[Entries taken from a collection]
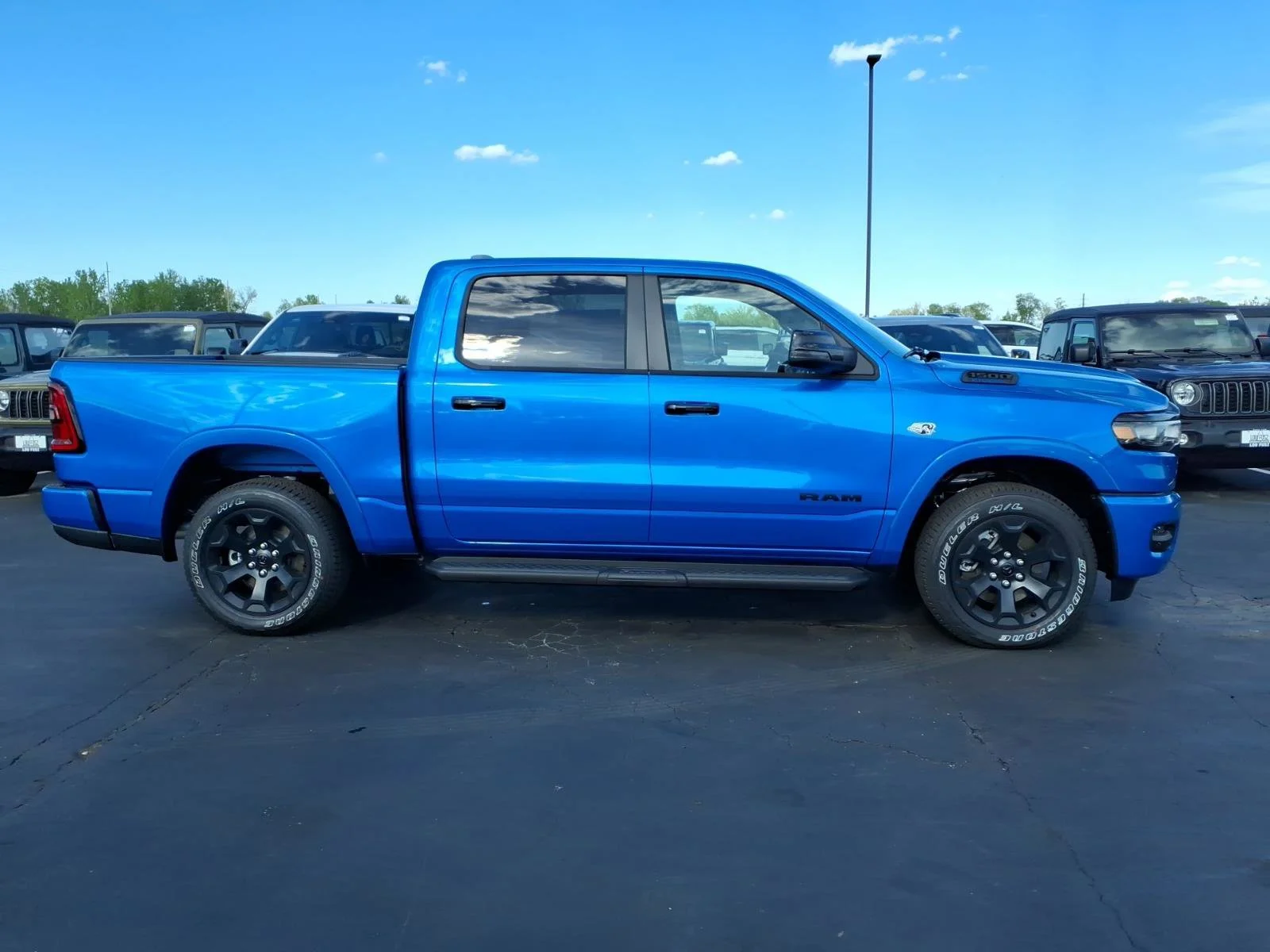 New 2026 Hydro Blue Pearl-Coat Exterior Paint RAM Big Horn/Lone Star image 16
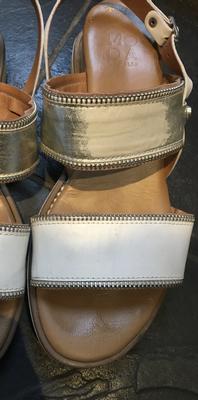 Mode a pelle sandals clearance
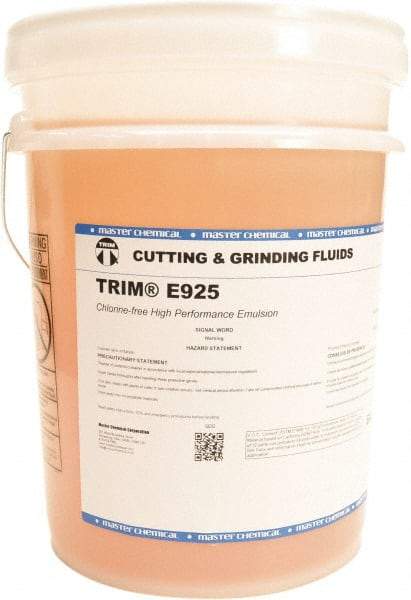 Master Fluid Solutions - Trim E925, 5 Gal Pail Emulsion Fluid - Water Soluble, For Cutting, Drilling, Sawing, Grinding - Makers Industrial Supply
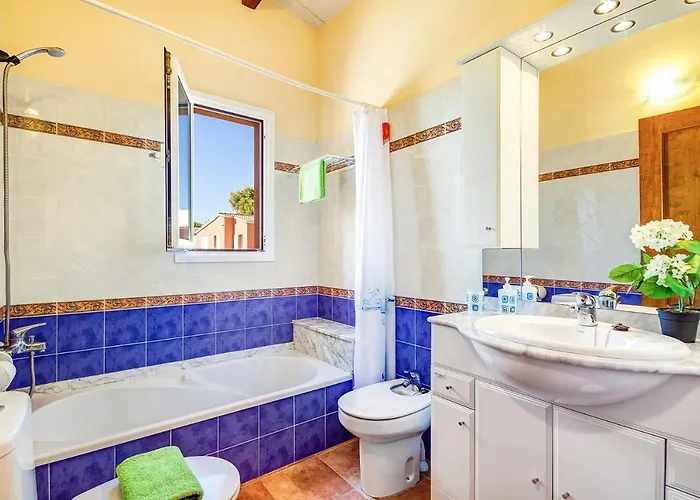 Martinur By * 卡拉恩·布拉内斯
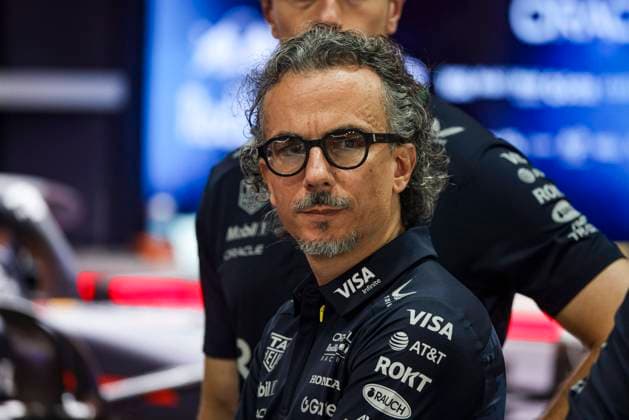 F1 - SINGAPORE GRAND PRIX 2025 MEKIES Laurent (fra), CEO of Red Bull Racing, portrait during the 2025 Formula 1 Singapore Grand Prix, 18th round of the 2025 FIA Formula One World Championship, WM, Weltmeisterschaft from October 3 to 5, 2025 on the Marina Bay Street Circuit, in Singapore - SingaporeSingapore  Copyright: xXavixBonillax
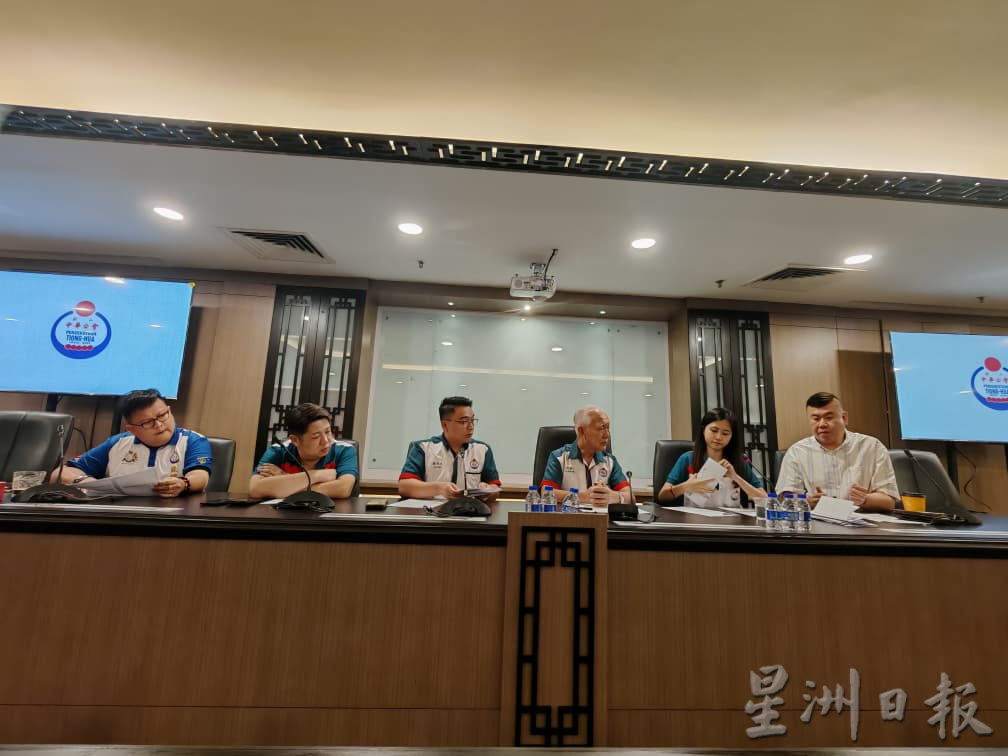 已签发 全国：第13届中华杯亚太区大专辩论赛 定入选赛正方双方队伍及13辩题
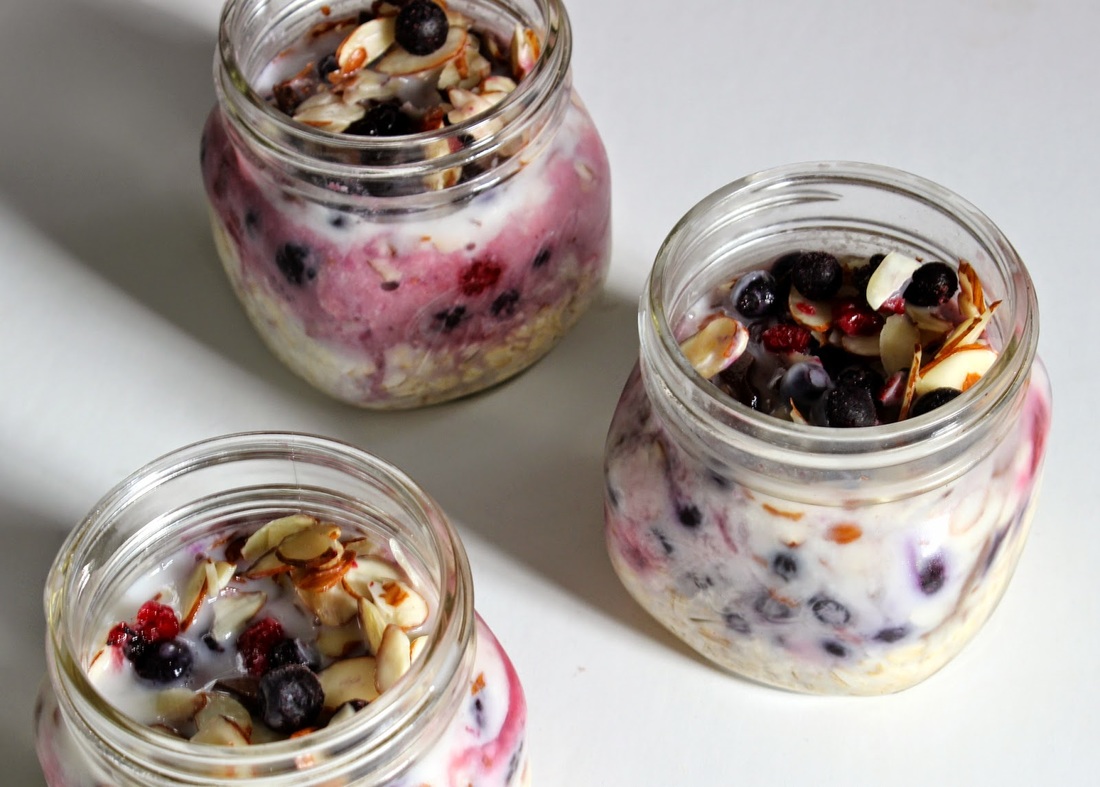 Berry, Almond, and Chocolate Overnight Oats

What to produce:
All of the records above should be written out exactly, with the pictures left out.

Solution to this task:
 New 2026 Hydro Blue Pearl-Coat Exterior Paint RAM Big Horn/Lone Star image 16
 Mode a pelle sandals clearance
 Master Fluid Solutions - Trim E925, 5 Gal Pail Emulsion Fluid - Water Soluble, For Cutting, Drilling, Sawing, Grinding - Makers Industrial Supply
 Martinur By * 卡拉恩·布拉内斯
 F1 - SINGAPORE GRAND PRIX 2025 MEKIES Laurent (fra), CEO of Red Bull Racing, portrait during the 2025 Formula 1 Singapore Grand Prix, 18th round of the 2025 FIA Formula One World Championship, WM, Weltmeisterschaft from October 3 to 5, 2025 on the Marina Bay Street Circuit, in Singapore - SingaporeSingapore  Copyright: xXavixBonillax
 已签发 全国：第13届中华杯亚太区大专辩论赛 定入选赛正方双方队伍及13辩题
 Berry, Almond, and Chocolate Overnight Oats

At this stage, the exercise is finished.